Freeway, Road Signs and Hypodermic Needles
One of a few truly postmodern bits in the book. Initially, Maria’s road obsession is contrasted with a defunct interpersonal communication (or lack of such) between the characters. Freeway is “a way of getting somewhere,” sedated rhythm of the ride is an escape, while nowhere is the only destination she craves.
In the desert, Maria has trouble following road signs. The gravity of the road doesn’t allow her the carefree motion madness of a freeway, though her travels are equally aimless. Didion’s beatnikian descriptions heavily influenced Bret Easton Ellis, especially in his first book, Less Than Zero. Maria is “trying not to notice the signs,” Ellis’s protagonists are reluctant to put any meaning on the surface of reality around them.
Games
Maria’s father is an addicted gambler. He loses a house in Reno in a private wager, and puts money in uncertain business deals. He teaches Maria to assess her chances in the game of craps which he compares to life. Despite the fact that he never wins, Maria claims to having inherited his optimism and, in the end, tenacity.
Maria often refers to herself as a “player” (but not an actress), mostly in the context of the roles that society imposes on her. BZ constantly accuses her of “playing,” and forces Helene to “play-or-pay,” though it is in the end his nihilistic attitude to life that brings him to suicide.
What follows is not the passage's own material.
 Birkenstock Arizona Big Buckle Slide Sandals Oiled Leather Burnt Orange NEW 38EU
Hollywood is a place where the thin line between truth and fiction blurs.
Dreams
After the abortion, Maria suffers from recurring nightmares and ghastly visions featuring dead fetuses, dying children, severed body parts and plumbing.
Air conditioners
They appear regularly, among others in the room in Encino where Maria undergoes abortion. May have to do with suffocating atmosphere of Wyeth’s environment. Carter is said to dislike air conditioners.
Whiteness
Maria dreams of driving “into the hard white empty core of the world,” then she falls into a sleepless dream. Before termination of her pregnancy, she sleeps between “immaculate” white sheets and wears “white crepe pajamas,” to insure miscarriage. Her mind is like a “blank tape” merely recording impressions and experiences. One of the figures from her dreams is “a man in white duck pants” who was present during the abortion. Whiteness prefigures nothingness and obliteration of memory. It is also in accordance with the stylistic intention of the author to write “a novel so elliptical and fast that it would be over before you noticed it, a novel so fast that it would scarcely exist on the page at all....white space. Empty space...."[4]
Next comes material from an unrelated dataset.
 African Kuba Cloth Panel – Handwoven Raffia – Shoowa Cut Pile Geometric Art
An aggressive madwoman in a queue at a Market attempts a conversation with Maria, accusing her of inattentiveness. After marrying Carter, she receives letters from “mad people.” Her daughter is having mental problems, and ultimately she herself is admitted to a neuropsychiatric ward. In Didion’s world normality and cause-effect solutions constitute conventions established by unspecified “them.”
[edit] Trivia
Trivia sections are discouraged under Wikipedia guidelines. The article could be improved by integrating relevant items and removing inappropriate ones. |
- In the Encino room the man in white duck pants who performs Maria's abortion watches a movie with Paula Raymond. “Funny she never became a star,” he says later to Maria. Paula Raymond started her career well in the fifties, but ended up playing in second-rate horror movies and soap operas. In many respects she’s Maria’s alter ego.
- BZ is an abbreviation for benzodiazepines, sedative drugs.
- Maria’s mother croons to herself the lyrics of the hit single by Jo Stafford, "You Belong to Me". Maria replays in her head lines from 1969’s "Son of a Preacher Man" by Dusty Springfield and "Spinning Wheel" by Blood, Sweat & Tears.
- The book was made into a 1972 movie[3] starring Tuesday Weld as Maria and Anthony Perkins as B.Z. Didion co-wrote the screenplay with her husband, John Gregory Dunne.